RECORDS FOR THE TASK>
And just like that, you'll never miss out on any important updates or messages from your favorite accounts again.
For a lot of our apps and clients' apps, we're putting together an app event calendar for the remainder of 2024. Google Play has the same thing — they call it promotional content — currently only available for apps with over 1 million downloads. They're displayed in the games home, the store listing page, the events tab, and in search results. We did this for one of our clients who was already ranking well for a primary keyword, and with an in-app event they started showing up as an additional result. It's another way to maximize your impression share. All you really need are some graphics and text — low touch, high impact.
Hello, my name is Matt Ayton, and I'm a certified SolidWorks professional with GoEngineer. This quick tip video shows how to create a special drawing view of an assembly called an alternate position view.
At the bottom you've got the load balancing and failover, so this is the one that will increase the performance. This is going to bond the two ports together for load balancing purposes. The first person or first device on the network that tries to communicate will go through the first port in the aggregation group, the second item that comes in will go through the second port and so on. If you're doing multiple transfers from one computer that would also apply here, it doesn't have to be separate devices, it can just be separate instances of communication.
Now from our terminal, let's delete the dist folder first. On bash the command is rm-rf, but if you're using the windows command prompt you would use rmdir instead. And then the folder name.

---

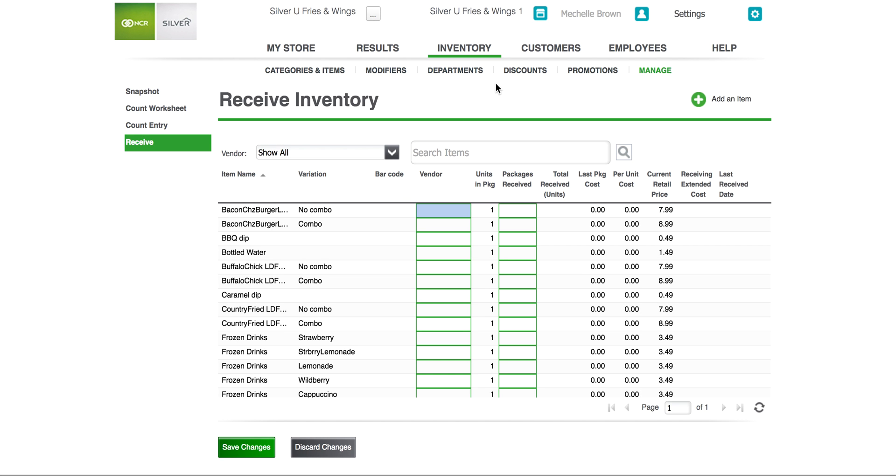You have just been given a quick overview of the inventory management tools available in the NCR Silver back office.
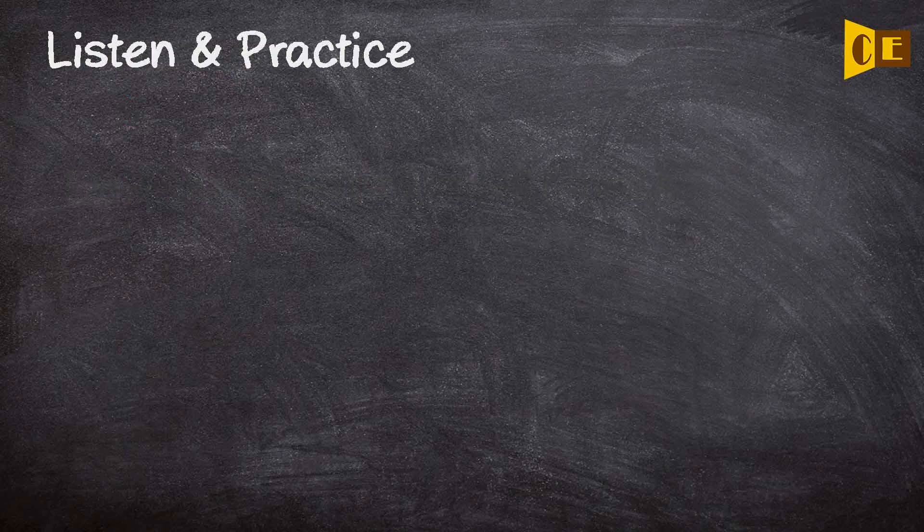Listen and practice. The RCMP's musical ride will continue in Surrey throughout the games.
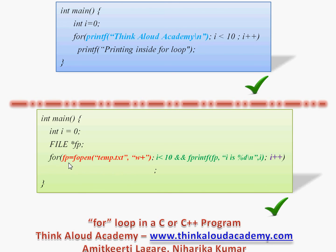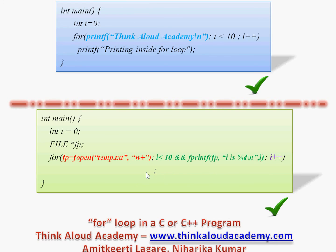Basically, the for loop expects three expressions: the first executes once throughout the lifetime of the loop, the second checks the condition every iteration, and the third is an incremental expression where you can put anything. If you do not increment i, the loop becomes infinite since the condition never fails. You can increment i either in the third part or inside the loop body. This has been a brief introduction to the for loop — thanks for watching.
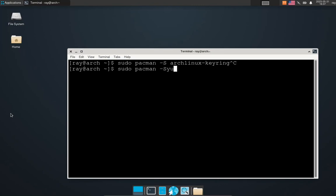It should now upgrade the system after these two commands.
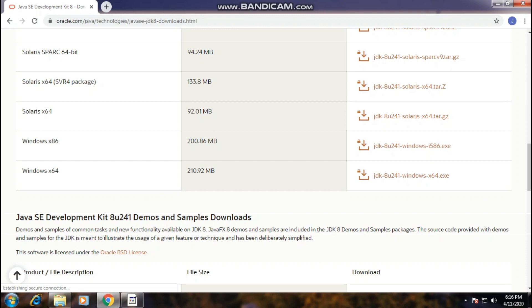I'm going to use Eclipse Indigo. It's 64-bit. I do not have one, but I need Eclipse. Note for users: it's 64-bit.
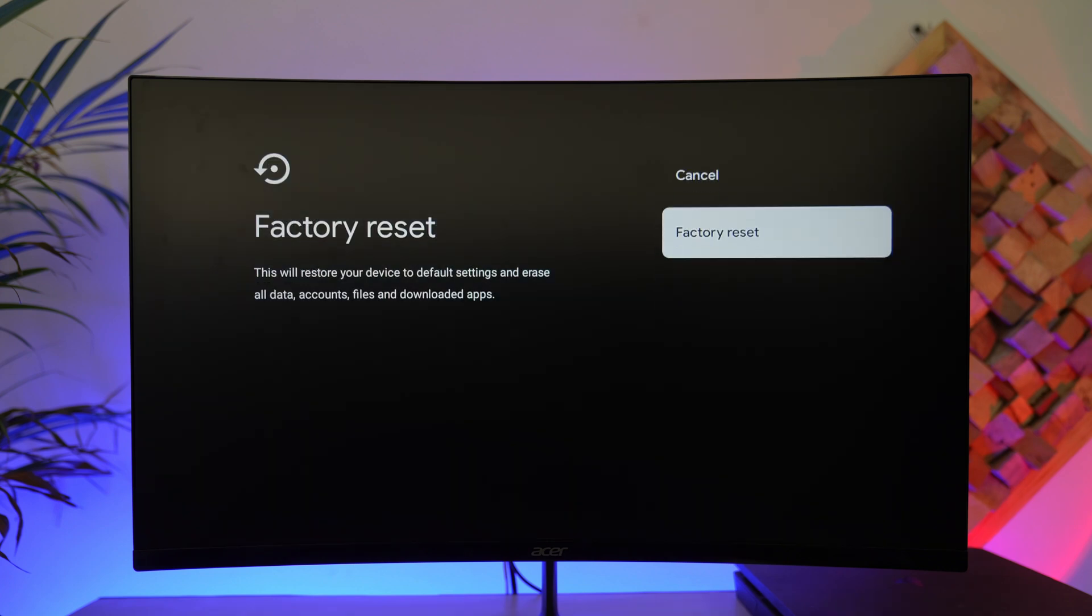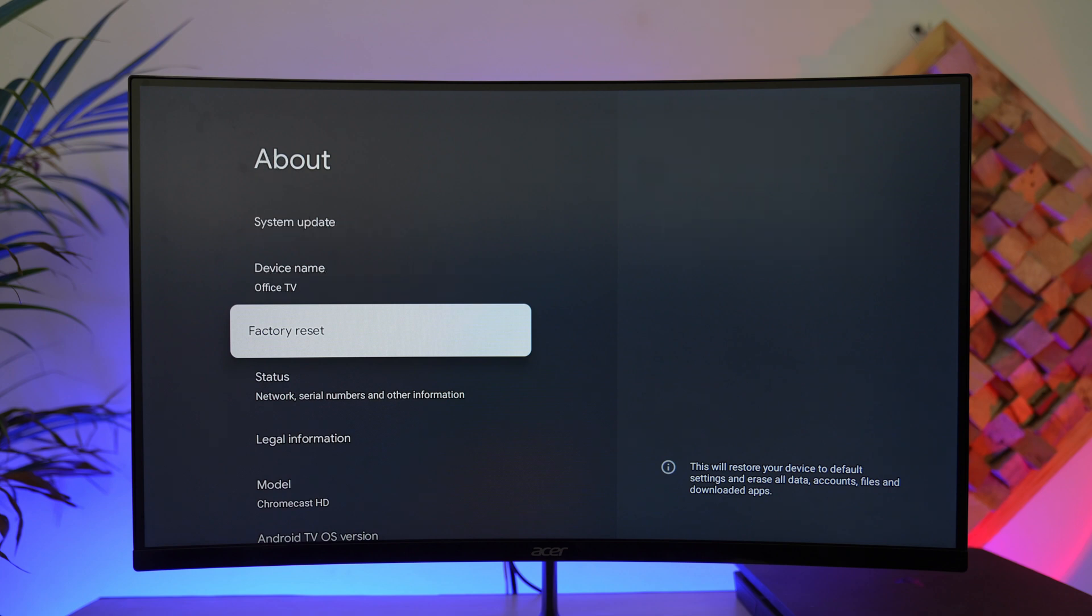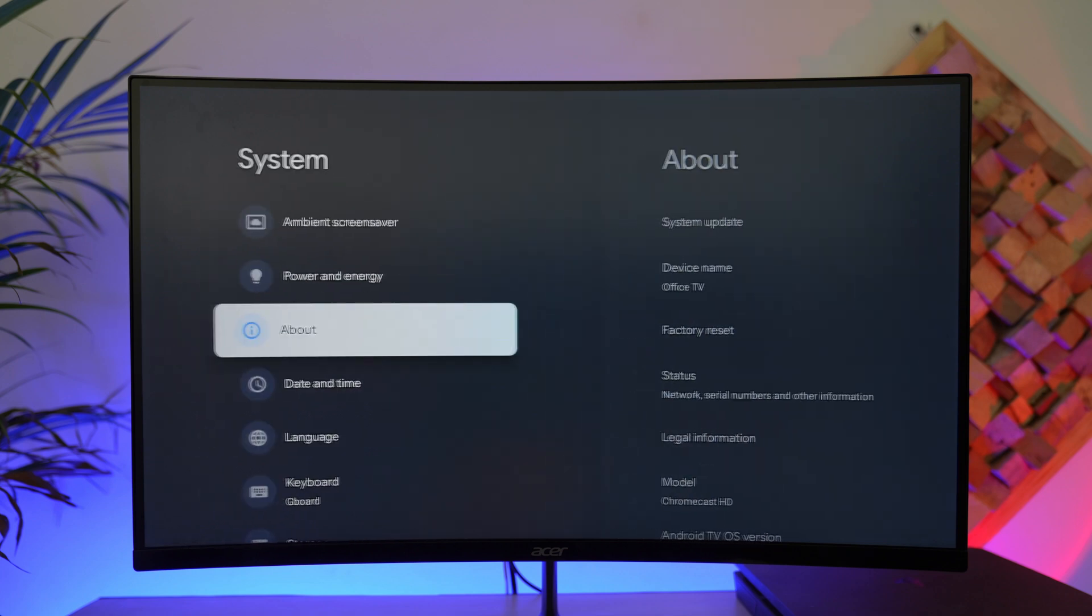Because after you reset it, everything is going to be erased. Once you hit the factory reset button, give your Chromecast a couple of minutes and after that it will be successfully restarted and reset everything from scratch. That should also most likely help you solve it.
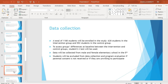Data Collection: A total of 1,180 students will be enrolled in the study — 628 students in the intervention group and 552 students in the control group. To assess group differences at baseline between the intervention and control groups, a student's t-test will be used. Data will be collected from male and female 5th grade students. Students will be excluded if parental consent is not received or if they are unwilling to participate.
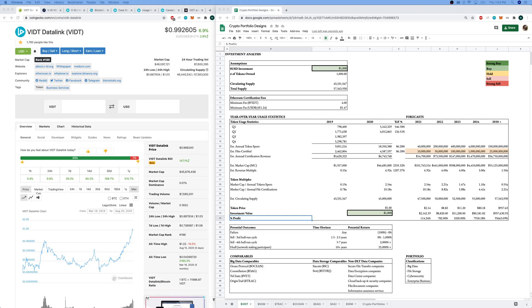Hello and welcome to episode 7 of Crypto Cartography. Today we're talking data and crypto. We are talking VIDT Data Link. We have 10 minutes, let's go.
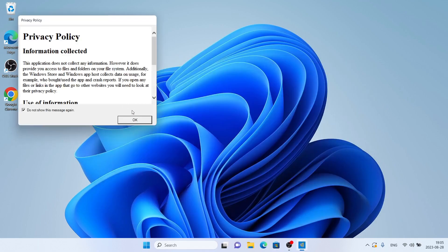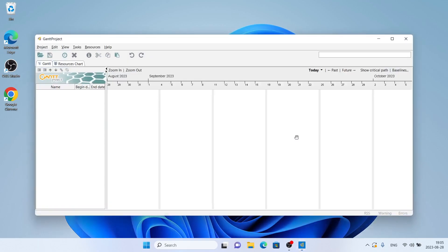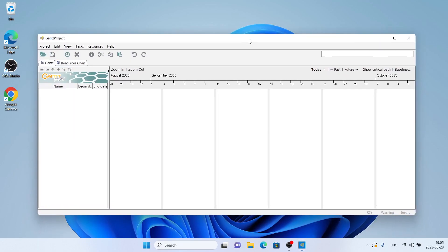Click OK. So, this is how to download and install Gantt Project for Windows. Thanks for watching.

WORK ORDER> Copy out each line of the records that holds the string "with".

RESPONSE TO THIS EXERCISE>
For a lot of our apps and clients' apps, we're putting together an app event calendar for the remainder of 2024. Google Play has the same thing — they call it promotional content — currently only available for apps with over 1 million downloads. They're displayed in the games home, the store listing page, the events tab, and in search results. We did this for one of our clients who was already ranking well for a primary keyword, and with an in-app event they started showing up as an additional result. It's another way to maximize your impression share. All you really need are some graphics and text — low touch, high impact.
Hello, my name is Matt Ayton, and I'm a certified SolidWorks professional with GoEngineer. This quick tip video shows how to create a special drawing view of an assembly called an alternate position view.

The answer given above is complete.